Given data ▸
────────────────

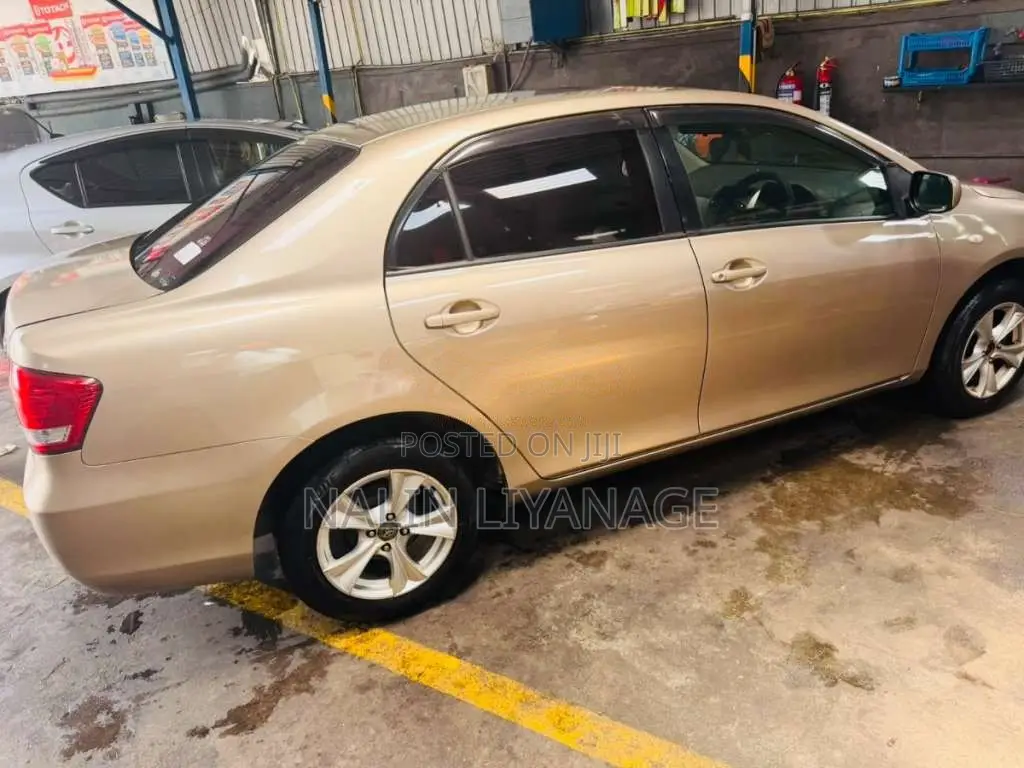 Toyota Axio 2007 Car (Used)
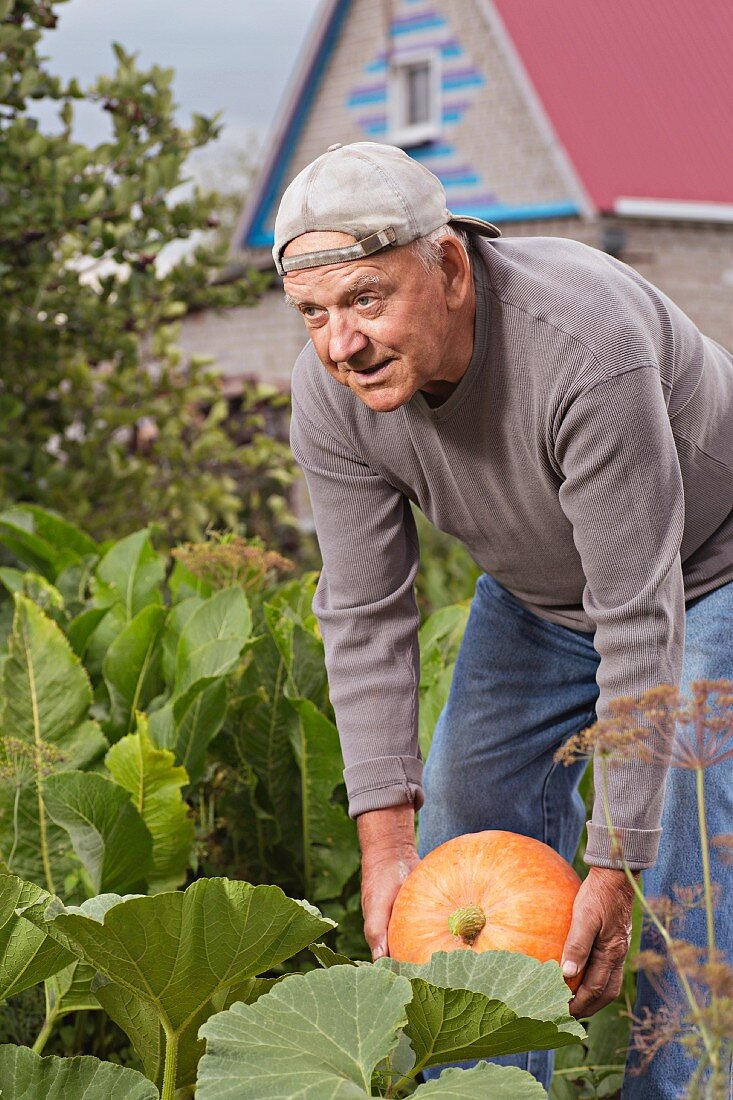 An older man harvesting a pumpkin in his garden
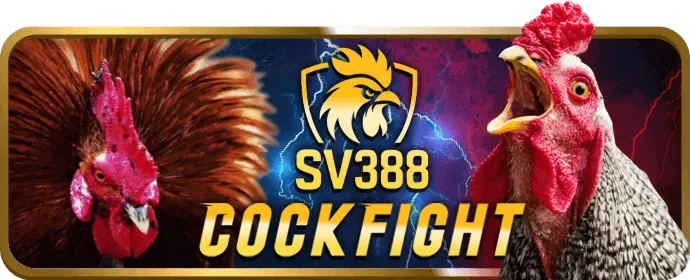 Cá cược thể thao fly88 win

────────────────

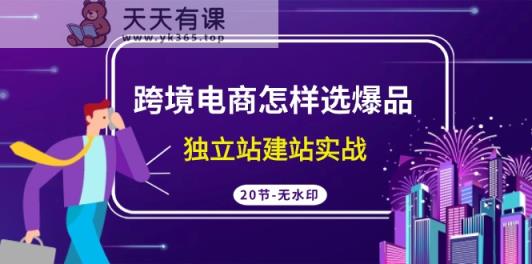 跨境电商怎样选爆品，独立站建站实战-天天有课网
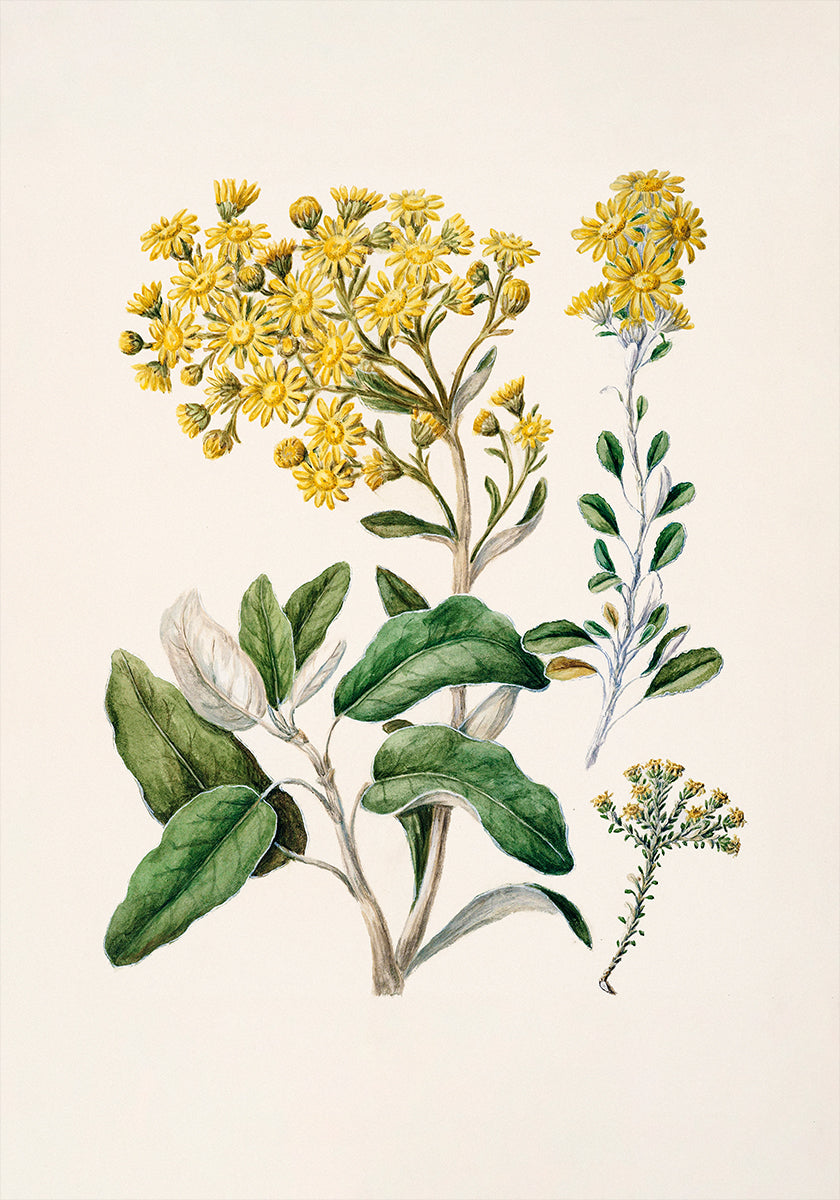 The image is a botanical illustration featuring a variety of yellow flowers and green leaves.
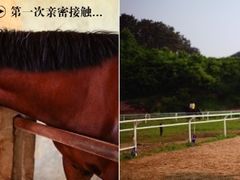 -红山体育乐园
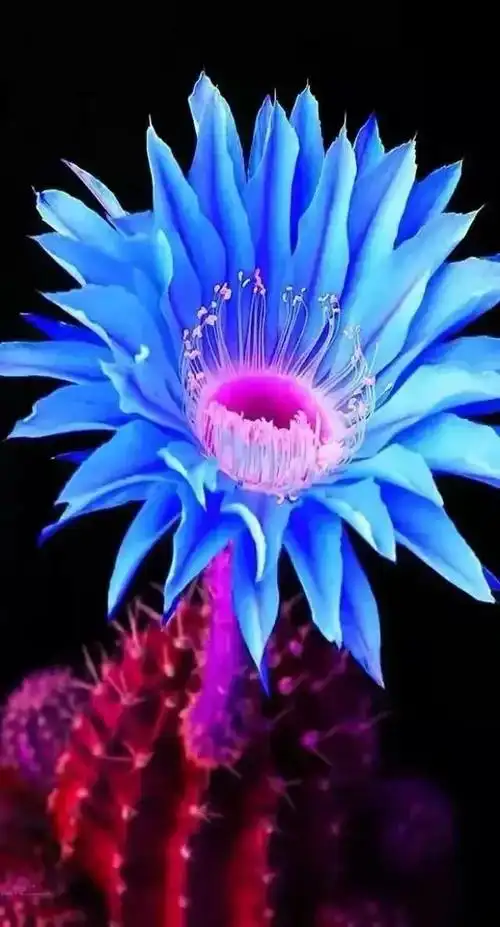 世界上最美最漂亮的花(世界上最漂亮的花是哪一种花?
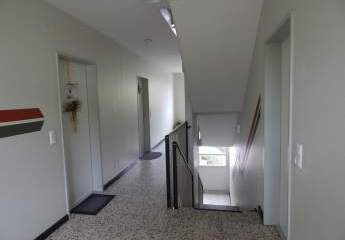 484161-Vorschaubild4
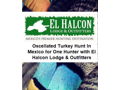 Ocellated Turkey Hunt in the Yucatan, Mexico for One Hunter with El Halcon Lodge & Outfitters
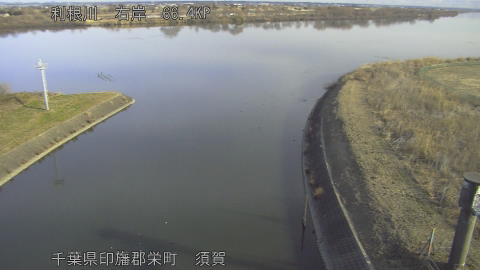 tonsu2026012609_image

────────────────

Word for word, retype the lines in the entries above that run from the one with "Ocellated Turkey Hunt" through the one with "tonsu2026012609_image". Both ends count; pictures do not.

 Ocellated Turkey Hunt in the Yucatan, Mexico for One Hunter with El Halcon Lodge & Outfitters
 tonsu2026012609_image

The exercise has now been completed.